The Chinese are at it again. The New York Times is reporting on how the Chinese government is building the Great Firewall of China higher:
[E]arlier this week, after a number of V.P.N. companies, including StrongVPN and Golden Frog, complained that the Chinese government had disrupted their services with unprecedented sophistication, a senior official for the first time acknowledged its hand in the attacks and implicitly promised more of the same.
The move to disable some of the most widely used V.P.N.s has provoked a torrent of outrage among video artists, tech entrepreneurs and university professors who complain that in its quest for so-called “Internet sovereignty” — Beijing’s euphemism for online filtering — the Communist Party is stifling the innovation and productivity needed to revive the Chinese economy at a time of slowing growth.
“I need to stay tuned into the rest of the world,” said Henry Yang, 25, the international news editor of a state-owned media company who uses Facebook to follow broadcasters like Diane Sawyer, Ann Curry and Anderson Cooper. “I feel like we’re like frogs being slowly boiled in a pot.”

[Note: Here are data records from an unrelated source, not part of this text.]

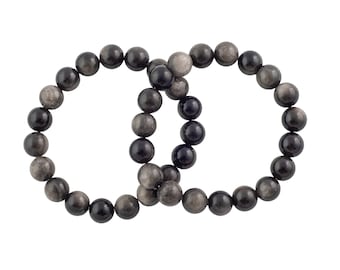 May include: Two black beaded bracelets with silver flecks, intertwined together.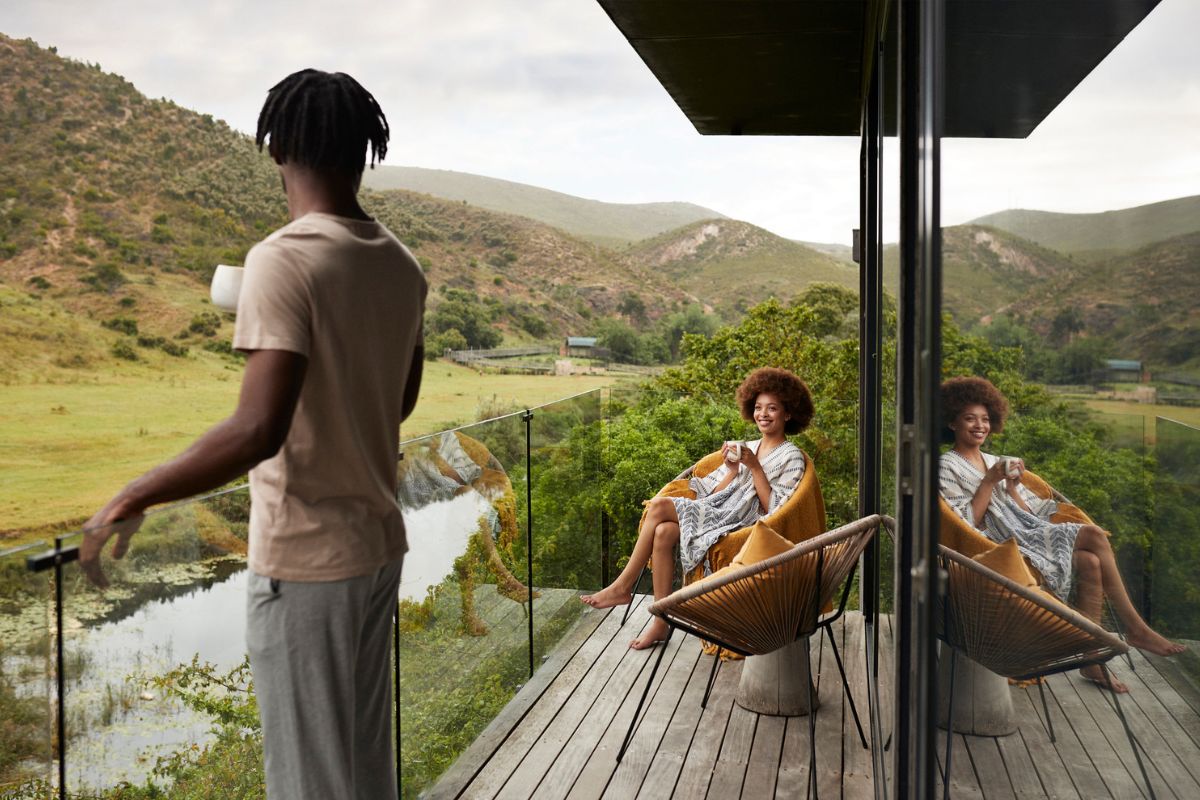 couple smiling at each other on luxury hotel balcony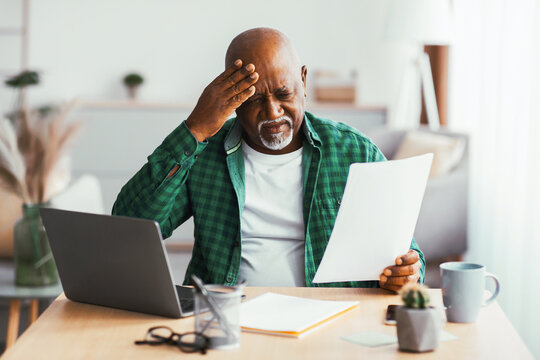 An older man sits at a home office desk, looking worried as he holds paperwork. A laptop is open in front of him, and he appears to be under pressure.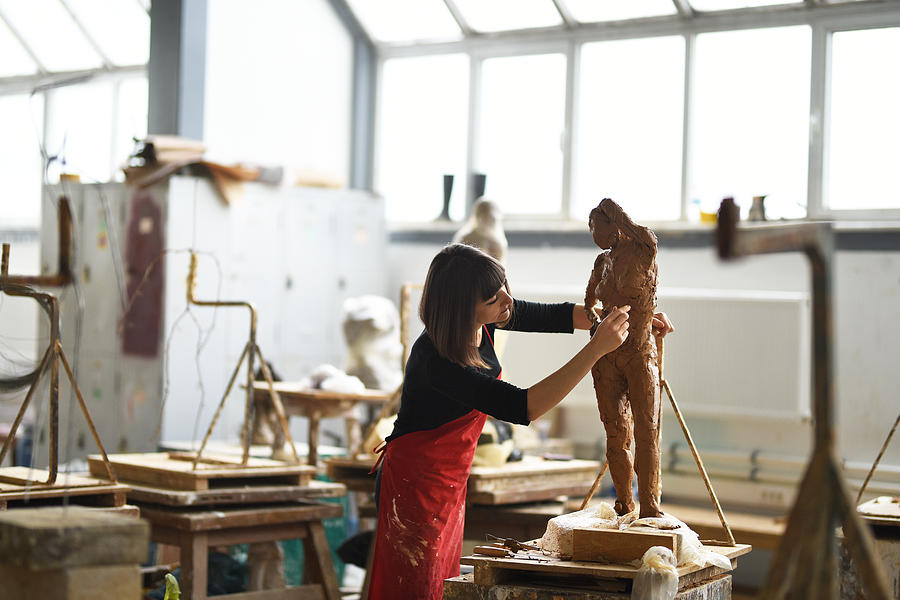 Young Female Sculptor is working in her studio Photograph by Baranozdemir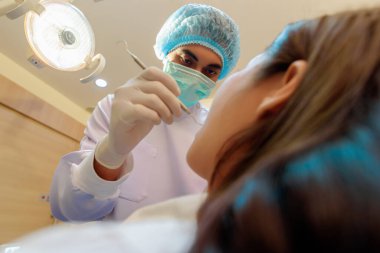 Maskeli ve eldivenli dişçi. Diş sağlığı kliniğinde hastanın dişlerinde çürük var mı diye kontrol ediyor..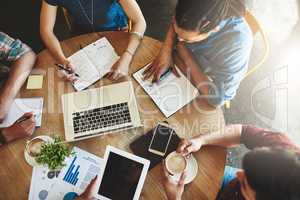 Online study resources can make your life so much easier. High angle shot of a group of students studying in a coffee shop.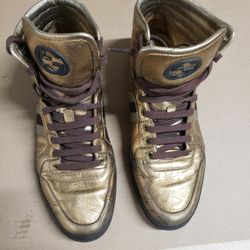 Gucci fashion high top sneakers 
in Gold finish 
Good condition 
Size 10.5 EU 11.5 US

The importance (and foolishness) of this action is made clear in this paragraph:
“One unfortunate result of excessive control over email and Internet traffic is the slowing down of legitimate commerce, and that is not something in China’s best interest,” said James Zimmerman, chairman of the American Chamber of Commerce in China. “In order to attract and promote world-class commercial enterprises, the government needs to encourage the use of the Internet as a crucial medium for the sharing of information and ideas to promote economic growth and development.”
and this:
“It’s as if we’re shutting down half our brains,” said Chin-Chin Wu, an artist who spent almost a decade in Paris and who relies on the Internet to promote her work overseas. “I think that the day that information from the outside world becomes completely inaccessible in China, a lot of people will choose to leave.”
(Score: 1) by TheRealMike on Friday January 30 2015, @06:58PM
People there could just disable the encryption on their VPNs, but that misses the point. These businesses and users are not encrypting their VPN traffic to stop the government spying on them, at least not directly. They're doing it to confuse and evade the blocking, allowing them to use the internet as the rest of the world does.
Bear in mind that the internet we know and love is barely functional in China. They block, amongst other things, Google and various CDNs, which lots of websites import scripts and content from. Without being able to access Google nothing that relies on Analytics works properly, without being able to access the CDNs hosting jquery and so on, a lot of sites break, without being able to access Facebook any site that includes a Like button or uses Facebook authentication breaks, etc etc.
The last time I was in Beijing was years ago, but even then, attempting to use the web as I do anywhere else was a hopeless waste of time. Nothing loaded properly. Now it's even worse.
So VPNs are needed to make the internet work again. And they have to encrypt to do that because it forces the GFW to either let the traffic through or "cleanly" disconnect you and the GFW has historically had various thresholds in it to try and not entirely block all SSL websites but be more surgical, so this strategy has been able to slip through the cracks. Now it seems China is getting closer and closer to just banning all encrypted traffic in or out of the country, which in turn means basically banning access to the non-Chinese internet because companies like Google or Cloudflare aren't going to just stop using SSL to allow the Chinese government to be more surgical. They already got blocked there and don't care anymore.